Illustration of prostate likelihood maps. Left part demonstrates prostate likelihood maps when different point coordinates are given for the same image (i.e., initial coordinates of point are (62,98)). Right part illustrates the likelihood maps obtained by our method on prostates with irregular shapes. The red curves denote the manual delineation. (Color figure online)

Figure 5 shows that, with the help of additional one-point information, compared to the traditional fully convolutional network, our method can locate prostate more precisely with a significant improvement.

Since the point provided from physician is important in our framework, it is necessary to evaluate how the point coordinates affect the segmentation result. As what Fig. 6 conveys, the coordinates of point truly have effect on the final segmentation result: the farther away from the center area of prostate, the worse the result will be. Besides, we plot a heatmap in Fig. 7 to illustrate the impact. It is noteworthy that, for this image, the Dice ratio by performing traditional FCN [9] is 0.85.

Table 3. Comparison with other state-of-the-art methods.

Quantative results: Our method can obtain mean dice ratio of 0.84 ± 0.02 which is higher than 0.71 ± 0.15 achieved by traditional FCN [9]. Please refer to Fig. 7 for the Dice ratio of each patient.

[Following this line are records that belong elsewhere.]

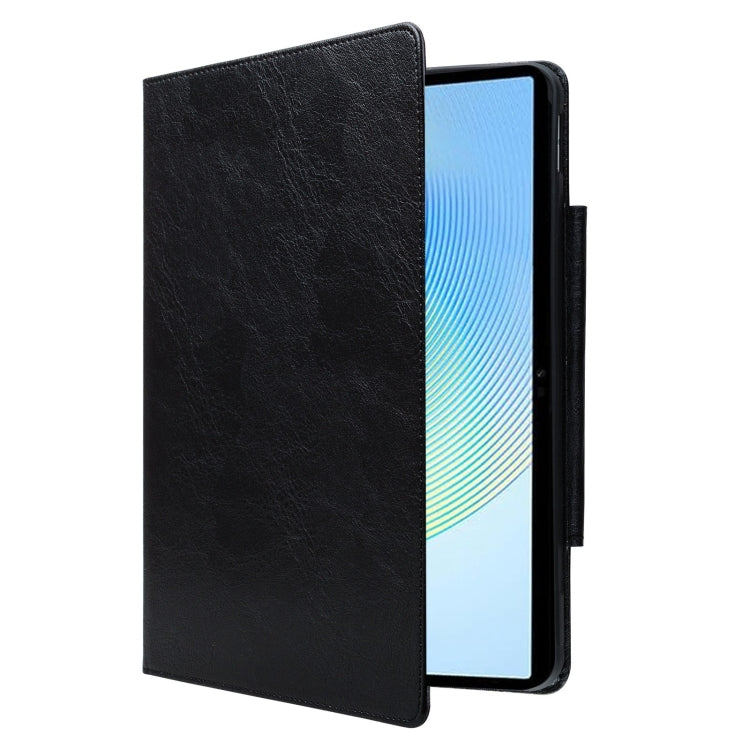 For Honor Pad X8a Cat Buckle Leather Tablet Case(Black) - Honor by PMC TechLife | Online Shopping South Africa | PMC TechLife | Buy Now Pay Later Mobicred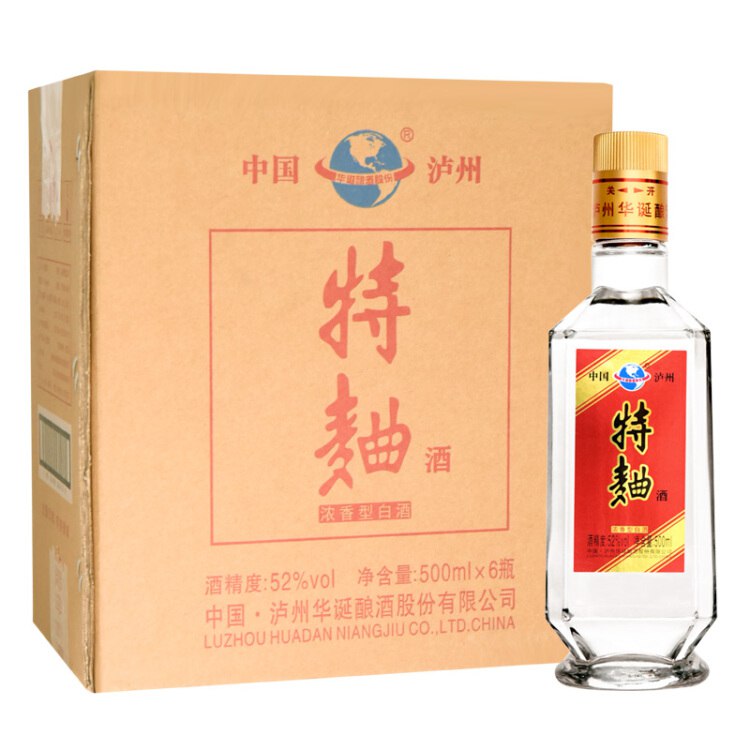 泸州M - 华诞 特曲 浓香型白酒 52度 500ml*6 239元  3件到手单价仅需133,合计399(原价合计:717)实际6件 
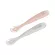 ฺBEABA ช้อนซิลิโคน Set of 2 1st age silicone spoons-PINK/GREY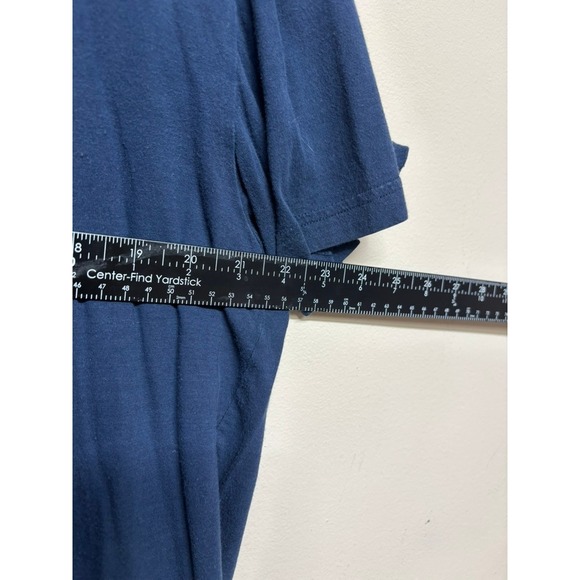 Disney Mickey Mouse Graphic Tee Navy Blue Short Sleeve Cotton Shirt Size XL - Picture 5 of 6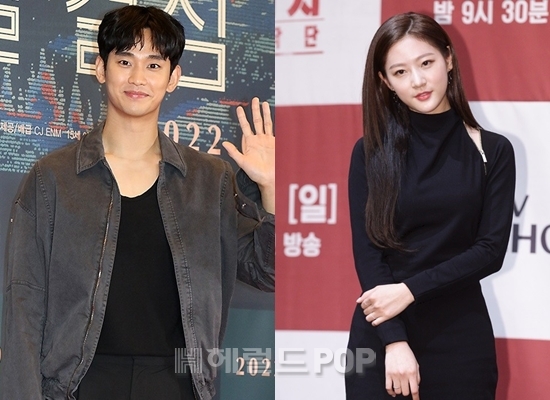 김수현, 故 김새론/사진=헤럴드POP DB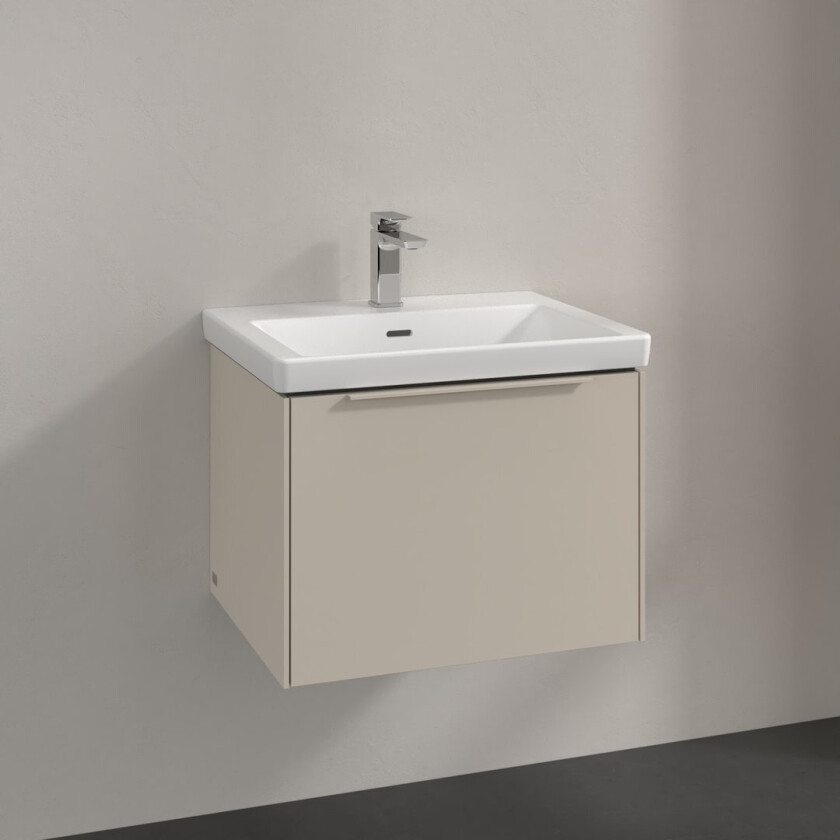 VILLEROY & BOCH SUBWAY 3.0 SERVANTSKAP 57X42 CASHMERE GREY HÅNDTAK I MØBELETS FARGE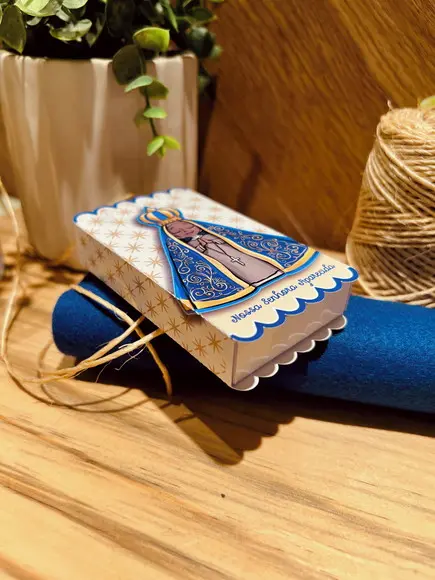 15 Caixa com Mini Terço Nossa Senhora Aparecida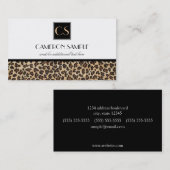 Leopard Visitekaartje (Voorkant / Achterkant)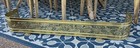Antique Victorian Brass Fireplace Fender Pierced Claw Feet 53 5  Polished Guard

Table 2 shows evaluation compared with traditional FCN [9].

Fig. 7.
figure 7

(Left) Illustration of the Dice ratio values with changes of coordinates. (Right) The Dice ratio values for 22 individual patients in our dataset.

Due to the fact that neither executables nor the datasets of other works are publicly available, it is difficult for us to directly compare our method with other MR prostate segmentation method [6, 16, 17]. Thus, we only cite the results reported in their publications in Table 3 for reference. It is worth noting that our method can obtain competitive results compared with these state-of-art methods.

4 Conclusion

In this paper, we propose a novel interactive segmentation method for MR prostate, which can achieve the promising results with just one-point labeling from the physician. Specifically, we can make full use of provided interaction information by simultaneously incorporating the additional point labeling and detected edges, in order to generate two location-prior maps, from vertical and horizontal directions, respectively. Upon the obtained location-prior maps along with the original patches from MR images, a multi-channel patch-based fully convolutional network is then used for patch-based prediction. Finally, a level-set based refinement is performed for final segmentation results. The experimental results demonstrate the effectiveness of our method.